Khatib Tunggal menyatakan bahwa orang tua yang menjumpai raja adalah penjelmaan Nabi Muhammad SAW. Selanjutnya dari kisah itulah, kemudian orang Makassar menamakan penjelmaan Nabi Muhammad sebagai "Makassar".
Peran 3 Datuk
Dari situs Muhammadiyah Sulsel dijelaskan, proses Islamisasi di Sulawesi Selatan erat kaitannya dengan kedatangan dan peranan tiga orang ulama asal Minangkabau yang secara khusus dikirim oleh Sultan dari Kerajaan Aceh.

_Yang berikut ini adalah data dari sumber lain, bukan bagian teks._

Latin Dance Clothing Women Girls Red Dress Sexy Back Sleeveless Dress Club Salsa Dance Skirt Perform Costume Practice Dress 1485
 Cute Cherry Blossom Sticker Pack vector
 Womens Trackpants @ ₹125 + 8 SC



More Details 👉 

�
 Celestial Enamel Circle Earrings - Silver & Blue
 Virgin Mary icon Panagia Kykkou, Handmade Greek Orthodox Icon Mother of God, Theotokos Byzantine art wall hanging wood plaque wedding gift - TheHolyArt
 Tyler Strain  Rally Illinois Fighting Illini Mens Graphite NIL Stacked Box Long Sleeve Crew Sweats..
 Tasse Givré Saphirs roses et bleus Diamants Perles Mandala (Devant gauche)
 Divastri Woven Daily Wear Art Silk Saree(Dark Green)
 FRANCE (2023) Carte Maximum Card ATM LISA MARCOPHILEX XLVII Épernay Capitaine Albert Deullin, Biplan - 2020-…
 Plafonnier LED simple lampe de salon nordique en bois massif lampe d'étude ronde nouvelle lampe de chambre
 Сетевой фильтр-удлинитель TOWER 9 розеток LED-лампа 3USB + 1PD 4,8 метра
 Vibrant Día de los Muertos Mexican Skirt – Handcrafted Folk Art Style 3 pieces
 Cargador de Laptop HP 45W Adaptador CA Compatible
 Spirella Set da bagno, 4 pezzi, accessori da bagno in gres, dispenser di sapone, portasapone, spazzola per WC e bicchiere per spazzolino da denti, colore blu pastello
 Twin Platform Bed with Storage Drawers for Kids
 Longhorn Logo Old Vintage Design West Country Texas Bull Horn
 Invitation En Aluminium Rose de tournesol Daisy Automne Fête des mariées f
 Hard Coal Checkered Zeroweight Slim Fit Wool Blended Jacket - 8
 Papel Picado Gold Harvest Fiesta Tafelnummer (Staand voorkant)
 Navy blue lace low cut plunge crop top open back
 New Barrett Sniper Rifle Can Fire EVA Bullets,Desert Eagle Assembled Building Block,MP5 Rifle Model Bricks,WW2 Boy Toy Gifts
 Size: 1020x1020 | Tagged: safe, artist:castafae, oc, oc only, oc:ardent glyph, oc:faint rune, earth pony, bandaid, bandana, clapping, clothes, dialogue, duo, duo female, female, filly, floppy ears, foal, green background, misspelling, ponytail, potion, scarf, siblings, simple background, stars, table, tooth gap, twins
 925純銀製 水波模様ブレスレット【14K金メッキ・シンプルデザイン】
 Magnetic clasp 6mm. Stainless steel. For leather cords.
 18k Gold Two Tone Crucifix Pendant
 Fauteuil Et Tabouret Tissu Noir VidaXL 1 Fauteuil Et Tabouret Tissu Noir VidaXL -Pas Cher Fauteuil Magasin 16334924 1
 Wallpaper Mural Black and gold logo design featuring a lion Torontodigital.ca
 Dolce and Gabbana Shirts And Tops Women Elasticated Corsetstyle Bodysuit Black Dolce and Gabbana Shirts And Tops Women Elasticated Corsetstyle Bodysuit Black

Ketiga ulama itu, yakni Abdul Makmur Khatib Tunggal (Datuk ri Bandang), Khatib Sulaiman (Datuk Patimang) dan Abdul Jawad Khatib Bungsu (Datuk ri Tiro).
Pada sejumlah literatur disebutkan, Datuk Ri Bandang, Datuk Patimang, dan Datuk Tiro menyebarkan Islam di daerah yang berbeda di Sulawesi Selatan berdasarkan keahlian mereka masing-masing.
Berikut ini profil ketiga Datu pembawa agama Islam di Sulsel yang dikutip dari laman Universitas Islam An-Nur Lampung:
Datuk Ri Bandang
Datuk Ri Bandang, yang memiliki nama asli Muhammad Arsyad al-Banjari dan gelar Khatib Dayan, adalah seorang ulama yang memainkan peran penting dalam memperkenalkan Islam kepada orang Makassar.
Dia berasal dari Koto Tengah, Sumatra Barat, dan mendapatkan pendidikan agama di Kesultanan Aceh.
Bersama dengan Datuk Ri Tiro dan Datuk Patimang, ia dikirim oleh Sultan Aceh untuk menyebarkan Islam di Sulawesi Selatan.
Wilayah utara Sulawesi Selatan, termasuk Gowa, Tallo, Maros, Pangkajene, Sidenreng Rappang, dan Wajo, menjadi daerah dakwah Datuk Ri Bandang.